There’s been no shortage of bold claims about AI in the legal world. Major platforms now promise faster research, better answers, and—perhaps most ambitiously—tools that are effectively “hallucination-free.” A recent Stanford study gives a more nuanced picture. What follows isn’t original research, but a guided walkthrough of that paper—what it set out to test, what it found, and why its conclusions matter.
What the Stanford Researchers Actually Tested
The study, “Hallucination-Free? Assessing the Reliability of Leading AI Legal Research Tools,” is one of the first rigorous, preregistered evaluations of commercial legal AI systems.

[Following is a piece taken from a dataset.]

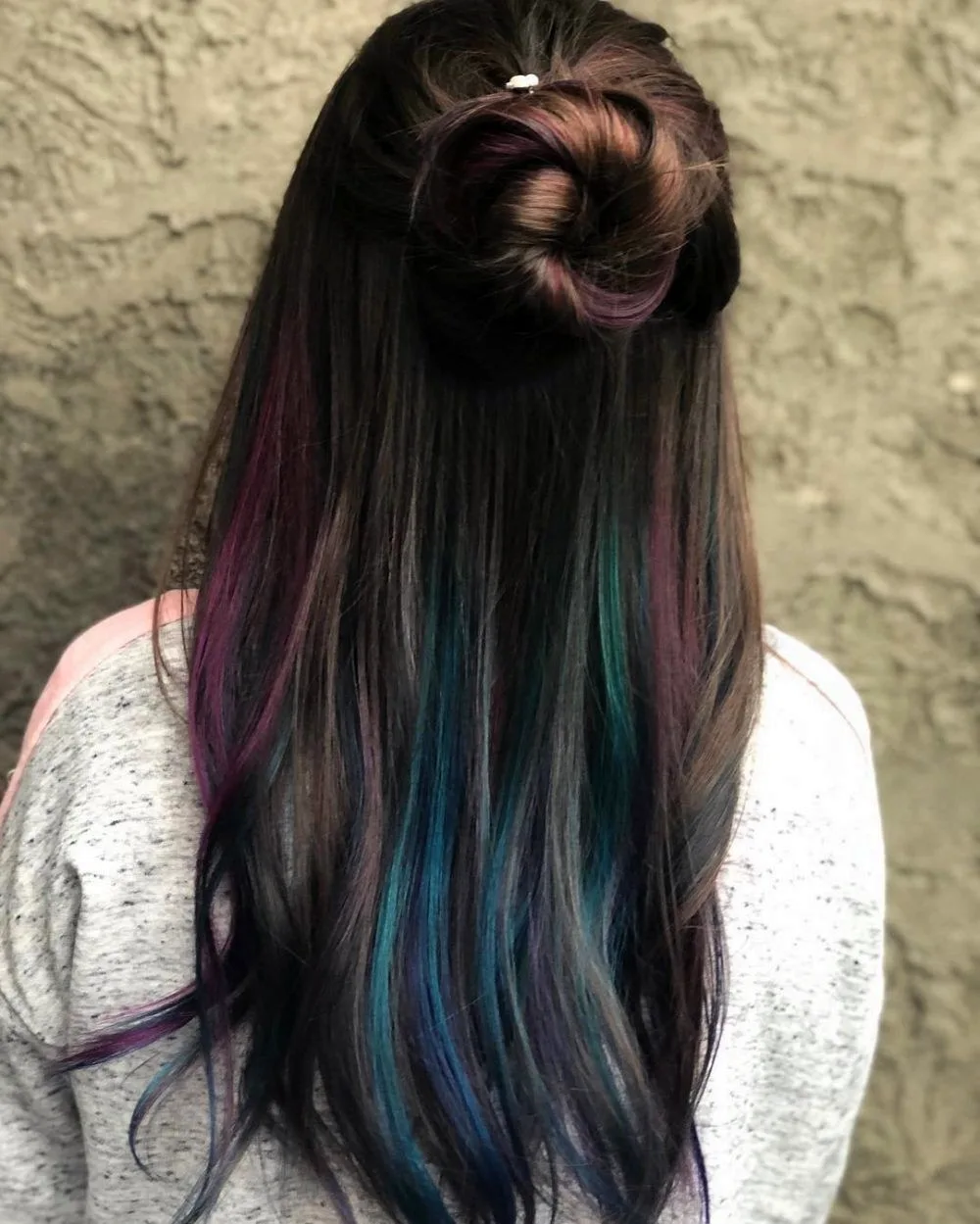 Цветные пряди на темных волосах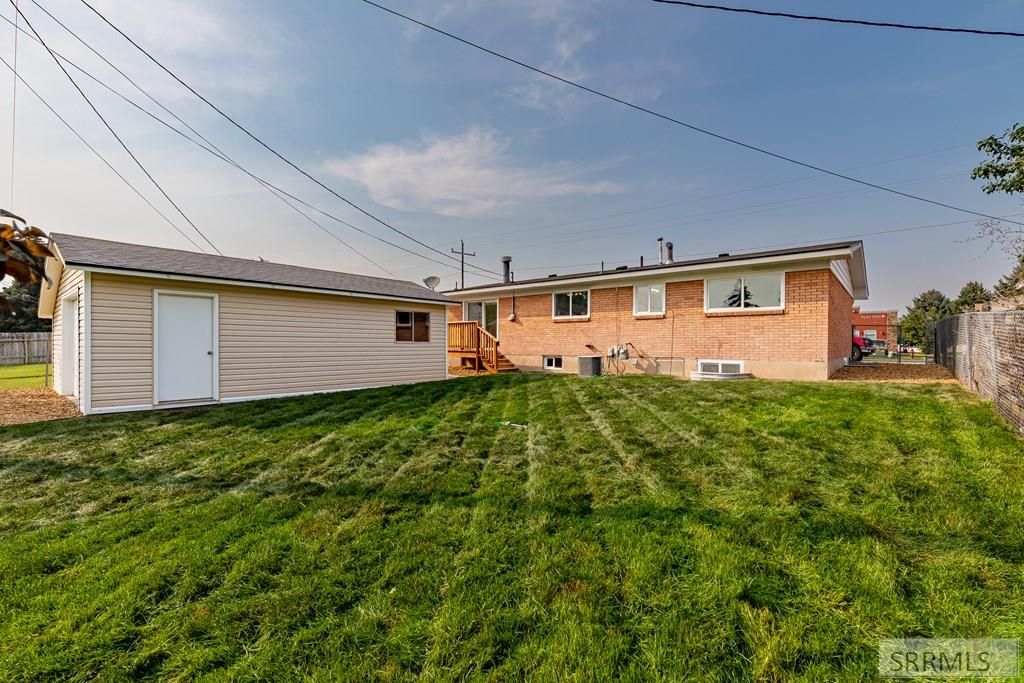 Image 36 of property listing at 2710 E 17th Street, Ammon, ID 83406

Rather than relying on anecdotes or isolated failures, the researchers constructed a dataset of more than 200 legal queries designed to mimic real-world usage. These included straightforward doctrinal questions, complex or evolving legal issues, factual lookups, and questions built on false assumptions.
The goal was simple but important: not just whether the tools could produce answers, but whether those answers were both correct and properly grounded in legal authority.
The Promise of RAG—and Why It Falls Short
Much of the marketing around legal AI focuses on retrieval-augmented generation (RAG). In theory, RAG systems reduce hallucinations by pulling relevant legal documents first and then generating answers based on those sources. The Stanford paper tests that claim seriously.
What it finds is that legal reasoning doesn’t map neatly onto document retrieval. Law isn’t just a collection of static facts; it’s an evolving system of interpretations, precedents, and jurisdictional nuances. Even identifying the “right” sources can require legal judgment.
As the researchers note, errors can creep in at multiple points: the system may retrieve the wrong documents, misinterpret the right ones, or apply them incorrectly.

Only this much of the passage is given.